| ASSIGNMENT |
Output each line of the data below exactly, omitting any image.

##### SUPPLIED INFORMATION #####

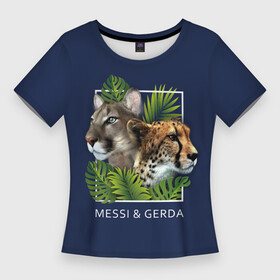 Женская футболка 3D Slim с принтом Messi  Gerda в Кировске,  |  | гепард | герда | квадрат | кошки | листья | месси | надпись | папоротник | пума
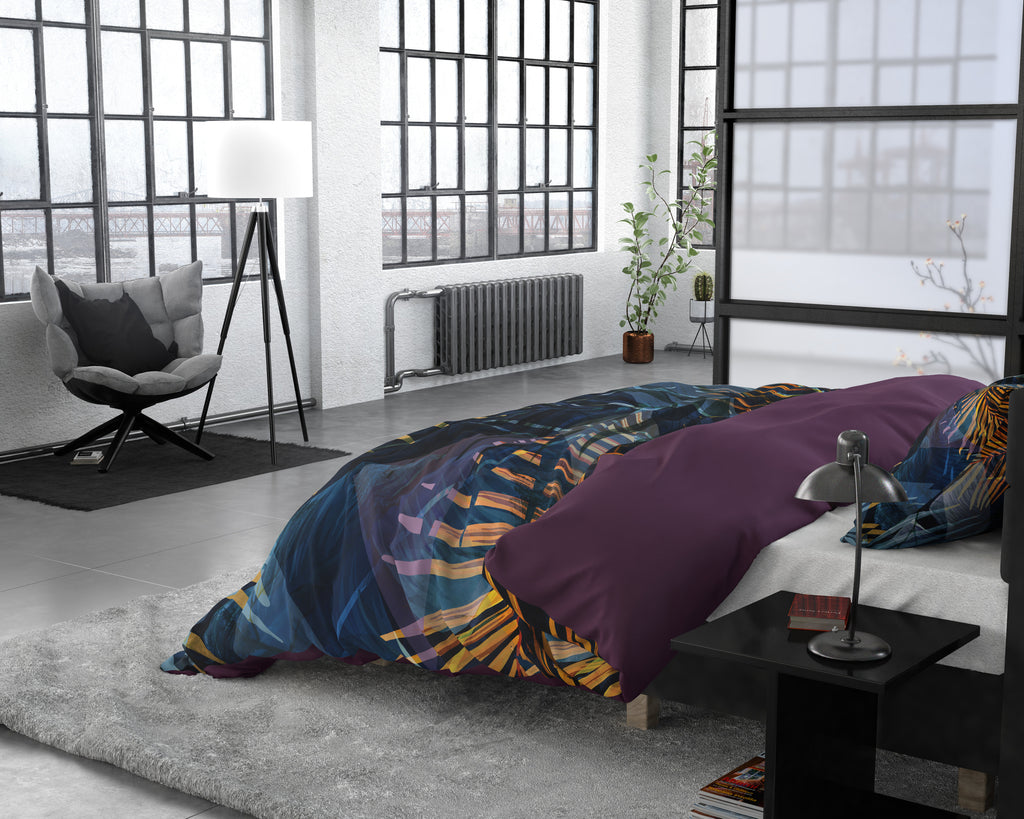 Dekbedovertrek katoensatijn Wild Marina marineblauw 140 x 220 cm, met 1 kussensloop 60 x 70 cm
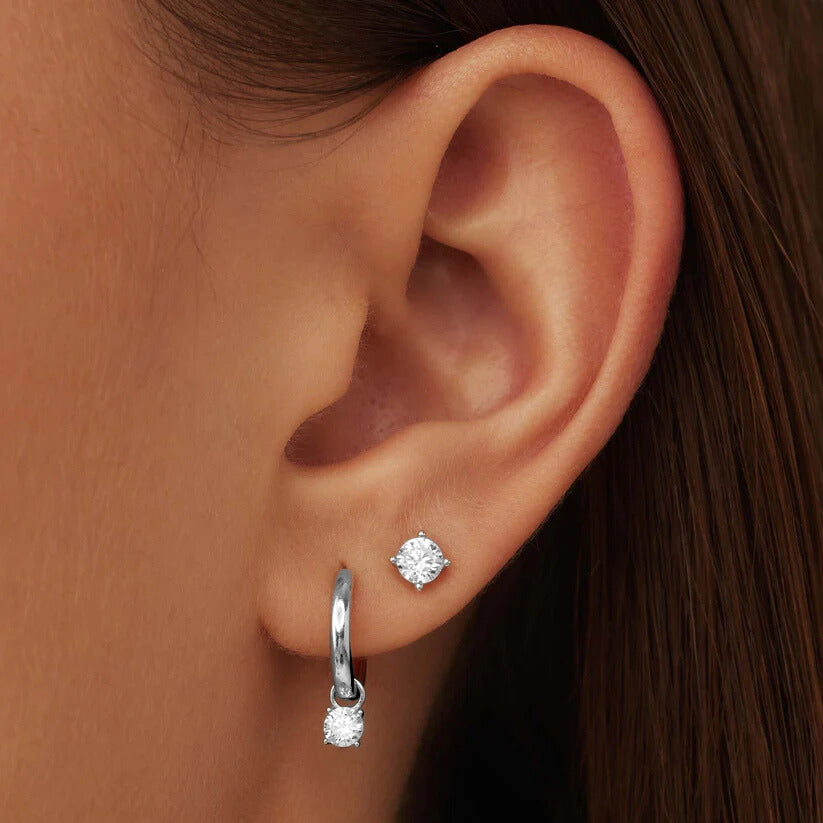 Ensemble de Boucles d'oreilles à Pierre Larmes de Lune | Or Blanc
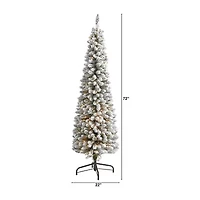 Nearly Natural 6 Foot Pencil Flocked Pine With 438 Bendable Branches And 300 Clear Lights Pre-Lit Christmas Tree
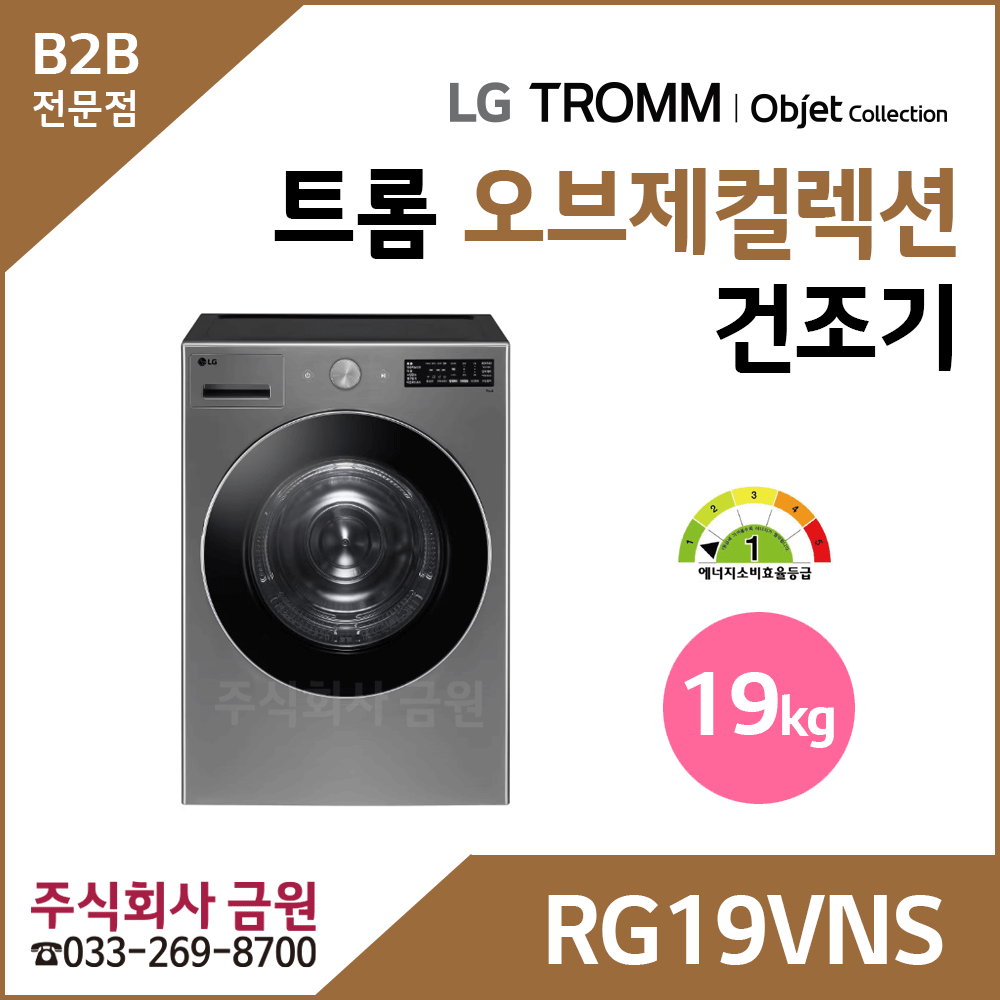 LG 트롬 19kg 전기식 건조기 RG19VNS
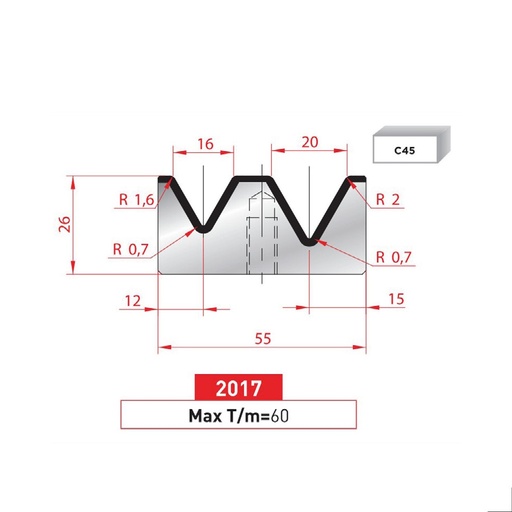 [2NTPLI_EUROSTAMP2017_1M] Matrice 2V type AMADA N°2017 Lg 415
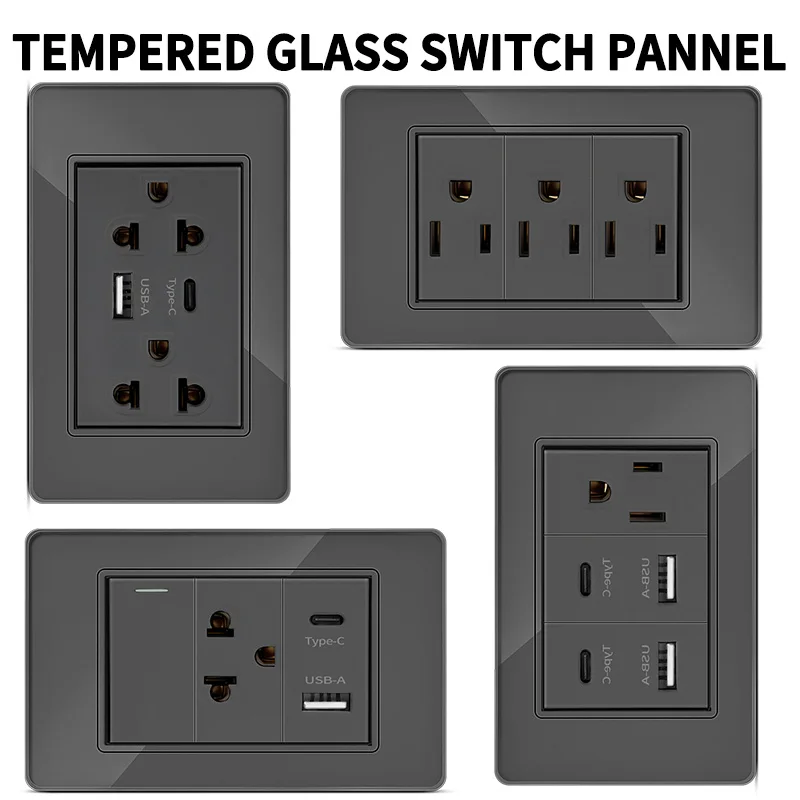 118 Type Tempered Glass Wall Outlet: 118x75mm US/Mex Socket w/ 20W USB-C & Reset Button Switch for Kitchen/Office
118 Type Tempered Glass Wall Outlet: 118x75mm US/Mex Socket w/ 20W USB-C & Reset Button Switch for Kitchen/Office
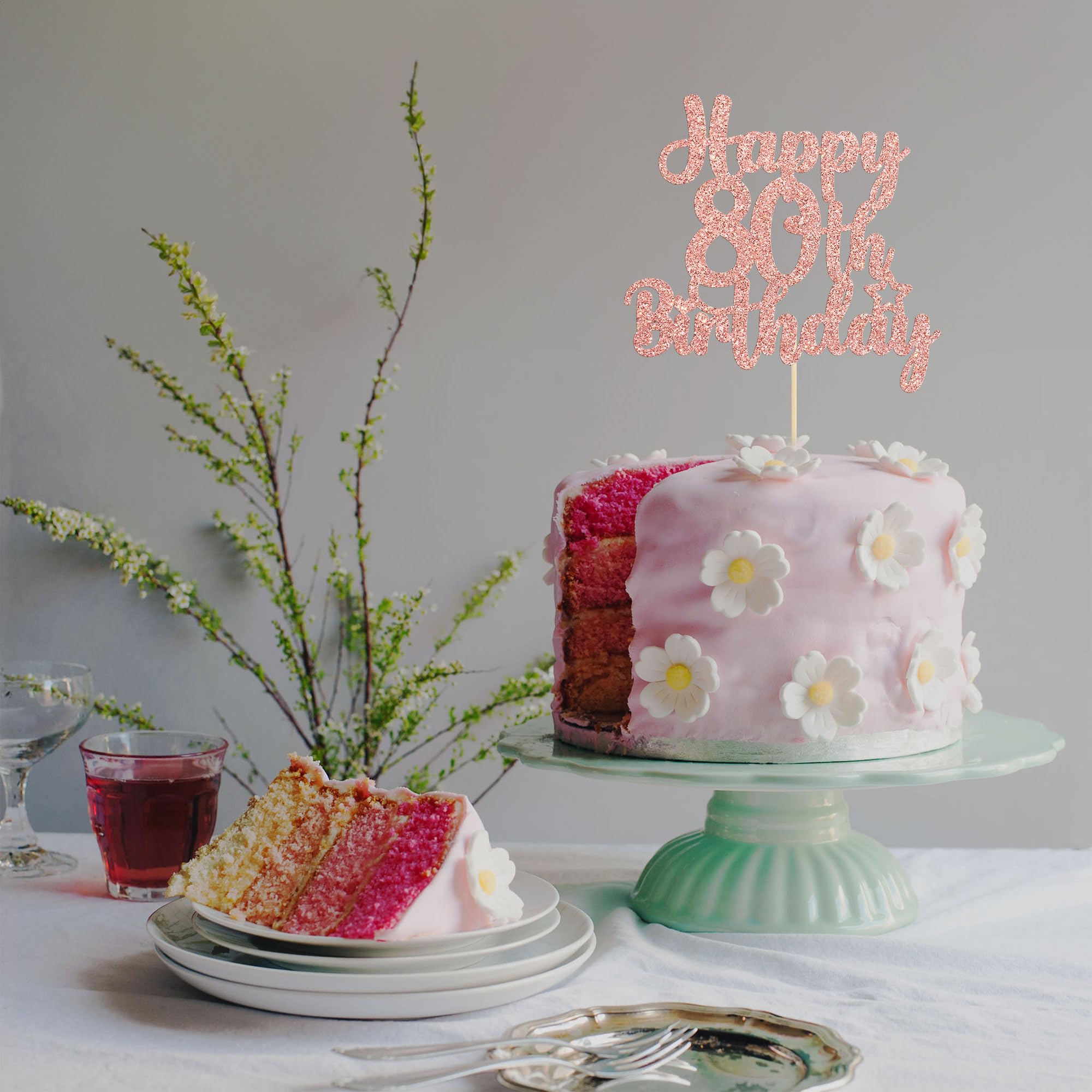 Happy 80th Birthday Cake Topper - Glitter 'Cheers to 80 Years' Cake Decorations - Rose Gold Cake Pick for 80th Birthday Party Supplies - Perfect for Anniversary Celebrations & Milestone Birthday Cakes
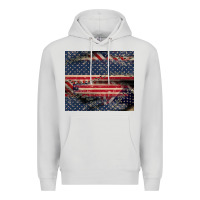 Dove Grey American flag stitches Premium Hoodie - CowGirlArtShop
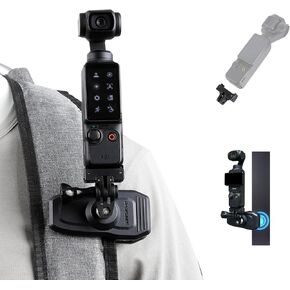 360° Adjustable Backpack Clip Mount for DJI Osmo Pocket 3, Magnetic Mount with Quick-Release Adapter for DJI Pocket 3 Accessories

#####

| ANSWER FOR THE TASK |
 Женская футболка 3D Slim с принтом Messi  Gerda в Кировске,  |  | гепард | герда | квадрат | кошки | листья | месси | надпись | папоротник | пума
 Dekbedovertrek katoensatijn Wild Marina marineblauw 140 x 220 cm, met 1 kussensloop 60 x 70 cm
 Ensemble de Boucles d'oreilles à Pierre Larmes de Lune | Or Blanc
 Nearly Natural 6 Foot Pencil Flocked Pine With 438 Bendable Branches And 300 Clear Lights Pre-Lit Christmas Tree
 LG 트롬 19kg 전기식 건조기 RG19VNS
 [2NTPLI_EUROSTAMP2017_1M] Matrice 2V type AMADA N°2017 Lg 415
 118 Type Tempered Glass Wall Outlet: 118x75mm US/Mex Socket w/ 20W USB-C & Reset Button Switch for Kitchen/Office
118 Type Tempered Glass Wall Outlet: 118x75mm US/Mex Socket w/ 20W USB-C & Reset Button Switch for Kitchen/Office
 Happy 80th Birthday Cake Topper - Glitter 'Cheers to 80 Years' Cake Decorations - Rose Gold Cake Pick for 80th Birthday Party Supplies - Perfect for Anniversary Celebrations & Milestone Birthday Cakes
 Dove Grey American flag stitches Premium Hoodie - CowGirlArtShop
 360° Adjustable Backpack Clip Mount for DJI Osmo Pocket 3, Magnetic Mount with Quick-Release Adapter for DJI Pocket 3 Accessories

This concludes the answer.